Task to complete = Which of the lines below include the word "Dolce"? Pull each one out.

Stored entries =
┌──
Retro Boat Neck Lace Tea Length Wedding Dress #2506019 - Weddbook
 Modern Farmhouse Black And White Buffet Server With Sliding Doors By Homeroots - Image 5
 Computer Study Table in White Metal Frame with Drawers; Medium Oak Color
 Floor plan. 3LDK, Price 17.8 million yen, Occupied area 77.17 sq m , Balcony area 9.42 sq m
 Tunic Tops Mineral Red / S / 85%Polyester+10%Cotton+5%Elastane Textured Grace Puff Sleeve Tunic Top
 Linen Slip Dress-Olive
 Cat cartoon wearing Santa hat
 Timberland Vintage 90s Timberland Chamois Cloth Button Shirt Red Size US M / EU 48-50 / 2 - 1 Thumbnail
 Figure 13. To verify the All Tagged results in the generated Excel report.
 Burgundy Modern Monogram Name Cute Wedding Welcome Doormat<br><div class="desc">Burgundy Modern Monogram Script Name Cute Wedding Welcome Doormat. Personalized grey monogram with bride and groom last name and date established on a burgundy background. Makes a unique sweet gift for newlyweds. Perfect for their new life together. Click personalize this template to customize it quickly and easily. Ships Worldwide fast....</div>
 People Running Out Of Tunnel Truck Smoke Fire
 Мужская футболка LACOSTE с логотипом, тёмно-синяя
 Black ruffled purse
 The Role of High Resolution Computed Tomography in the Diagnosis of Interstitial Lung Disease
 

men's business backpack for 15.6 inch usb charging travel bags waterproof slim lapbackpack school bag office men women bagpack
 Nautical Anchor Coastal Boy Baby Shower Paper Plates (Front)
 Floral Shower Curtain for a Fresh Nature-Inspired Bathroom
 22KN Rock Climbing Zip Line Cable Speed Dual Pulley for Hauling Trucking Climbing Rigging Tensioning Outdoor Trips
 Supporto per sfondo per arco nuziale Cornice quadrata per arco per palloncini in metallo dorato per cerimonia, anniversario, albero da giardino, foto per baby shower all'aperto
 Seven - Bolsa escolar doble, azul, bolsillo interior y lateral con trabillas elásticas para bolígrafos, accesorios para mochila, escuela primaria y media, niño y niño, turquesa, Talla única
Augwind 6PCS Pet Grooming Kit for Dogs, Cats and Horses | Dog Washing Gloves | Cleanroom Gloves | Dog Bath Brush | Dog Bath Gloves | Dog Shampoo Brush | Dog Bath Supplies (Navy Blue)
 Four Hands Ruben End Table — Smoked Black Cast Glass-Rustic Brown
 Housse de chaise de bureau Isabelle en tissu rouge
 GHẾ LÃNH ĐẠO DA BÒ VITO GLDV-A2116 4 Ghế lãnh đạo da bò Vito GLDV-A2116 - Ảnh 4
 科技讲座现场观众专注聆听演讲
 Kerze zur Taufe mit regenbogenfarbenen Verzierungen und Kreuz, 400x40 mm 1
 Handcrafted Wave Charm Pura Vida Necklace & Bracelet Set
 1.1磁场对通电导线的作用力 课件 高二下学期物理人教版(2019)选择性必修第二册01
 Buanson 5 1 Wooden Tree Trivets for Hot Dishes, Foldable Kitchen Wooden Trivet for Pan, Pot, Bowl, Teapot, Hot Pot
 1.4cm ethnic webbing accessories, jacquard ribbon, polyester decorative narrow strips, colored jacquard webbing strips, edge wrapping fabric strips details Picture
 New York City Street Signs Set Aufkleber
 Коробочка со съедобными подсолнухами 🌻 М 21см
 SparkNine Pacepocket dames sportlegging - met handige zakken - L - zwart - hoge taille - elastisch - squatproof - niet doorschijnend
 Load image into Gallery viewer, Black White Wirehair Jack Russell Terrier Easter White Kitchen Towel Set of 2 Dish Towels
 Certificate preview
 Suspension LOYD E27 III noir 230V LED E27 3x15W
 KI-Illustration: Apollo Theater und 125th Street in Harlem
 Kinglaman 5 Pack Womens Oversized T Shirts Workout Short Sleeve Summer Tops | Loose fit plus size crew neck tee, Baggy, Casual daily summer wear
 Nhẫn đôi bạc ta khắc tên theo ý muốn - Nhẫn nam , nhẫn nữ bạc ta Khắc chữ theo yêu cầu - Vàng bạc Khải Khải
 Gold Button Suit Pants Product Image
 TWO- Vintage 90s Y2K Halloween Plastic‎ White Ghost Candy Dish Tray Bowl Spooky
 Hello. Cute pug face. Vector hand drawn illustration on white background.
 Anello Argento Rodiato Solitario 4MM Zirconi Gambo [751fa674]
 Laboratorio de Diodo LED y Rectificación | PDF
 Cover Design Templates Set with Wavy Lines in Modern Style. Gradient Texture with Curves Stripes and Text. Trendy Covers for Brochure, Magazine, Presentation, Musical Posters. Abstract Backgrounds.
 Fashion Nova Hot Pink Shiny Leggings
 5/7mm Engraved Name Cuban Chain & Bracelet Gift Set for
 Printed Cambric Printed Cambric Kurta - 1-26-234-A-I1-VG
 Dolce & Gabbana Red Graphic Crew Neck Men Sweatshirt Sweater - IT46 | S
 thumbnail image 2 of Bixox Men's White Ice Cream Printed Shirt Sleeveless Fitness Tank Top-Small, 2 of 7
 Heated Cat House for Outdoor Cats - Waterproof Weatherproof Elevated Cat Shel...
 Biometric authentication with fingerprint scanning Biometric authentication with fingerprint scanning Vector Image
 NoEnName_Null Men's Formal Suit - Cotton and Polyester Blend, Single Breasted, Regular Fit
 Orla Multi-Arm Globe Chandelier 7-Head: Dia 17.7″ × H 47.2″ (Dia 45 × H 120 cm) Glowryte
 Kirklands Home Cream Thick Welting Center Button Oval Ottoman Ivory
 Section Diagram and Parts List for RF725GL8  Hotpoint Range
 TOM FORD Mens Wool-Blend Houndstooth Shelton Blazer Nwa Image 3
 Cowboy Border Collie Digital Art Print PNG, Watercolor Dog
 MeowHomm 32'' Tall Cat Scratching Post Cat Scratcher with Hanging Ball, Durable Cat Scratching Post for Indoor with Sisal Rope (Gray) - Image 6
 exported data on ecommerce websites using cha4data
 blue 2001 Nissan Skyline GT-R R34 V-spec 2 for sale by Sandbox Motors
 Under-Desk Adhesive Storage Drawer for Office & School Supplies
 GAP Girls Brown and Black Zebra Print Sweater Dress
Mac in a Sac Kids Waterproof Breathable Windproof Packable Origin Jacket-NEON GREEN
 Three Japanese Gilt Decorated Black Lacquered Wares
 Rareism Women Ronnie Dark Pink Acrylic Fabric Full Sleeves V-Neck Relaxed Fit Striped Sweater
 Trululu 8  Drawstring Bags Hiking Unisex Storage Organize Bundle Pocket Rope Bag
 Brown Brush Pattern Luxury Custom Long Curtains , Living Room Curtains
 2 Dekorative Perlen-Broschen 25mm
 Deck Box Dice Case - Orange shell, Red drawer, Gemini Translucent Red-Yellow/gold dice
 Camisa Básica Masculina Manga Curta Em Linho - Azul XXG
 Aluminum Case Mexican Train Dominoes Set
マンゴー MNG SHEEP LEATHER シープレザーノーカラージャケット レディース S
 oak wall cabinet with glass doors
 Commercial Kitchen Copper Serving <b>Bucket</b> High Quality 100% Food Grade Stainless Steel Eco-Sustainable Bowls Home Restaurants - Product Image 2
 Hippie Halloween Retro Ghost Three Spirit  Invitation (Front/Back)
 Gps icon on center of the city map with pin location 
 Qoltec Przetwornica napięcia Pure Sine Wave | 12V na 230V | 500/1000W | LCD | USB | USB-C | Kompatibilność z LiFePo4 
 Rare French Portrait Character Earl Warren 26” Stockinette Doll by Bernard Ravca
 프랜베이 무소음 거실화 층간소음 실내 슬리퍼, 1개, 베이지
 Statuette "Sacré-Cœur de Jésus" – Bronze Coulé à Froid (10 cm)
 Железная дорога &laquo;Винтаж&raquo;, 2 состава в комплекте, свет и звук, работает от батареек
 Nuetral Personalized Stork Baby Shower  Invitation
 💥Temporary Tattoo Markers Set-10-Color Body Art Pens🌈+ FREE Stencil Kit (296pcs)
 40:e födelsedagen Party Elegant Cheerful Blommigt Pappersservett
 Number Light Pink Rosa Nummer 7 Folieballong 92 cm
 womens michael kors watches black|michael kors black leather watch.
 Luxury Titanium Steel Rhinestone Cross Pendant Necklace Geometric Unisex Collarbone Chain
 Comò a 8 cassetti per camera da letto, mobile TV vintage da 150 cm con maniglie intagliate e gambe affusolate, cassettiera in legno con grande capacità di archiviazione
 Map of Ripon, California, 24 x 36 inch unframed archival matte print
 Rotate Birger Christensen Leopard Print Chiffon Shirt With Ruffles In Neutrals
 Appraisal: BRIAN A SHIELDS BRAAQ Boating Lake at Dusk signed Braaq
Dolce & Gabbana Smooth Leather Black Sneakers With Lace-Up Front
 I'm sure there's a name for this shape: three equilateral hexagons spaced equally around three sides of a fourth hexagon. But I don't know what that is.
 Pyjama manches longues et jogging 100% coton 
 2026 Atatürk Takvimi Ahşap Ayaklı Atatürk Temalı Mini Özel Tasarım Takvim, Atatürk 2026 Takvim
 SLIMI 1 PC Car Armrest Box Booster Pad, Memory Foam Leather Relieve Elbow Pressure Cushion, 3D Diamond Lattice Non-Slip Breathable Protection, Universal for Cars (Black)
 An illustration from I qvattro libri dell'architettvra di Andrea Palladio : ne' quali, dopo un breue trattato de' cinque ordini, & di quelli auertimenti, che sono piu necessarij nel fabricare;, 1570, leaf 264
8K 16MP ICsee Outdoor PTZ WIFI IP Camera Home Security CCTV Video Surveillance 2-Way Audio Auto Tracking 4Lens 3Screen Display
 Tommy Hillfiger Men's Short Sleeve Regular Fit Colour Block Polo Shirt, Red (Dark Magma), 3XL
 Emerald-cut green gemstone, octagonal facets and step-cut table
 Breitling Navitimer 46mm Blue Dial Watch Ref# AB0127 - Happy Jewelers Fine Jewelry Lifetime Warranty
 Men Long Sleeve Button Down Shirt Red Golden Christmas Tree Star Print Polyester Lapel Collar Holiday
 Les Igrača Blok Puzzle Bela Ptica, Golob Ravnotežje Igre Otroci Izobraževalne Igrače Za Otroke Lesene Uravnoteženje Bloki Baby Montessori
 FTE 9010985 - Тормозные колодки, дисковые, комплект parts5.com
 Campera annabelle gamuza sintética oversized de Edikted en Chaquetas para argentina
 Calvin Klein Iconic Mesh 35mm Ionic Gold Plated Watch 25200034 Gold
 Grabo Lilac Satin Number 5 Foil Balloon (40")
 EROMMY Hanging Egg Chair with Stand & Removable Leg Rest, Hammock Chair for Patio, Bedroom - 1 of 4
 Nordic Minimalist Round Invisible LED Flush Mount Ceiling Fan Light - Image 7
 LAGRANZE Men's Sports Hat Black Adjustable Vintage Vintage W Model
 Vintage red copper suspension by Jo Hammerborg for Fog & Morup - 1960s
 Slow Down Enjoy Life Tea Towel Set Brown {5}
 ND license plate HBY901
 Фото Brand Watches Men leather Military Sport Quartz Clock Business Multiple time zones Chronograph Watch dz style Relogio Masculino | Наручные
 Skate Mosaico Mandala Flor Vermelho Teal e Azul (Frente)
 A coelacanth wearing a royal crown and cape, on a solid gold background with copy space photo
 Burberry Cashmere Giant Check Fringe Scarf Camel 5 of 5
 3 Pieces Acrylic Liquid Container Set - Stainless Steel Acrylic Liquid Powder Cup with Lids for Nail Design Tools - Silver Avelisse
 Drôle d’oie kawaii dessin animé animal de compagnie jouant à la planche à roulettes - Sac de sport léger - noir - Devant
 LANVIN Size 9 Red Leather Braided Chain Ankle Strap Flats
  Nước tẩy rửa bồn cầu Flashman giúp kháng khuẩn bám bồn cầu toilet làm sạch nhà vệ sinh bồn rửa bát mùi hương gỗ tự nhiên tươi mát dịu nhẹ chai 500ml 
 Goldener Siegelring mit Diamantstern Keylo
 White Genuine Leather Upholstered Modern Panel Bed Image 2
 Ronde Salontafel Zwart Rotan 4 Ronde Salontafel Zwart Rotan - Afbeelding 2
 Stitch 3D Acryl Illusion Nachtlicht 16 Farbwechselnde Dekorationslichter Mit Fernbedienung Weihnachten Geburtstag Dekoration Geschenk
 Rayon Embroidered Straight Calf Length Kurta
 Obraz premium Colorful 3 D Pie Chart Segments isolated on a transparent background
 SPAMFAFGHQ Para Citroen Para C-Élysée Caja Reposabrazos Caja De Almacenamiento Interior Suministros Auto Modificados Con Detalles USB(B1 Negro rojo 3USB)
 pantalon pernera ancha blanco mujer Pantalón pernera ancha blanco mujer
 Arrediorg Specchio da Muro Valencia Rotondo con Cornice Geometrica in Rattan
└──
Expected output =
 Dolce & Gabbana Red Graphic Crew Neck Men Sweatshirt Sweater - IT46 | S
Dolce & Gabbana Smooth Leather Black Sneakers With Lace-Up Front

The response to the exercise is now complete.